Nike's new software now focuses on hourly movement, too: it suggests you move at least 5 minutes per hour for a total of 7 hours a day to "win" the hour. It shows up as one of the four readouts on the wristband: "Hours Won: 2" for instance. The FuelBand SE can be set up to remind you to move, too. But alas, there's no vibration: all it does is flash its lights and say something like, "Go, Scott, go." The Jawbone Up24 actually buzzes your wrist, which is far more effective. I found I usually ended up missing the FuelBand's attempts to get my attention.

Social competition and activity-tagging (left, right). Screenshots by Scott Stein/CNET

Sessions: Activity journaling, not intelligent sport-sensing
Another somewhat confusing new feature involves recording "sessions," or timed periods when you're doing a particular activity. You press the FuelBand SE's one button down, then press again to start the session, and do the same to end it. While a session's going, both the FuelBand and the app show a timer and your "FPM," or Fuel per Minute, which is your rate of activity. The app glows red, yellow, or green based on whether you're in the ideal active target zone according to Nike.

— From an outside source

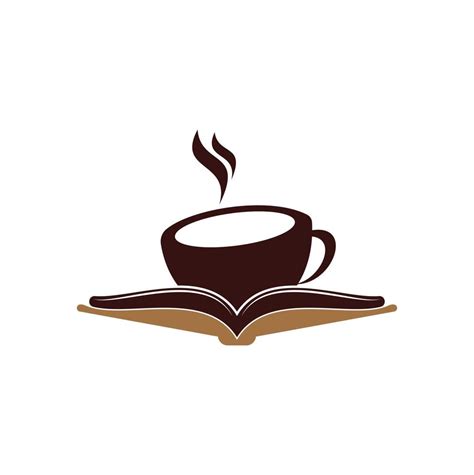 Coffee Book Vector Logo Design Tea Book Store Iconic Logo 14039210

These sessions can be tagged with your activity, such as walking, snowboarding, tennis, basketball, cross-training, even sleeping. But it doesn't matter what you tag: the Fuel points are recorded exactly the same way. All tagging does is keep a record of what you're spending time doing, for yourself or for others who are peeking in socially. You can lie: I tagged my walk around the office as playing basketball. It doesn't matter, because to Fuel, it's all the same. Unfortunately, the FuelBand isn't smart enough yet to parse a particular activity and determine relative energy burned. CNET Español editor Vanessa Hand Orellana was testing a FuelBand and sent me a message ("Good for you!") when she saw on her app that I was playing basketball and snowboarding. I didn't want to break the news.

Sarah Tew/CNET

Conclusion: Comfy, social, but needs more
The FuelBand SE comes closer to being a smarter continuous activity-tracking must-have than its predecessor, but the software's still not as good as the feel and look of the band itself. I still want a vibration alert, smarter coaching, true sleep-tracking -- which this band doesn't have -- and a deeper focus on lifestyle and activity. And, if Nike's tracking all this demographic data, I want an app that digs more deeply into those stats for me.

I'm ready to learn about getting even more active. The Nike+ FuelBand SE got me to the gym, but it didn't do a good enough job coaching me up once I got there. But if I had to wear one band just for its comfort alone, the FuelBand SE would be it.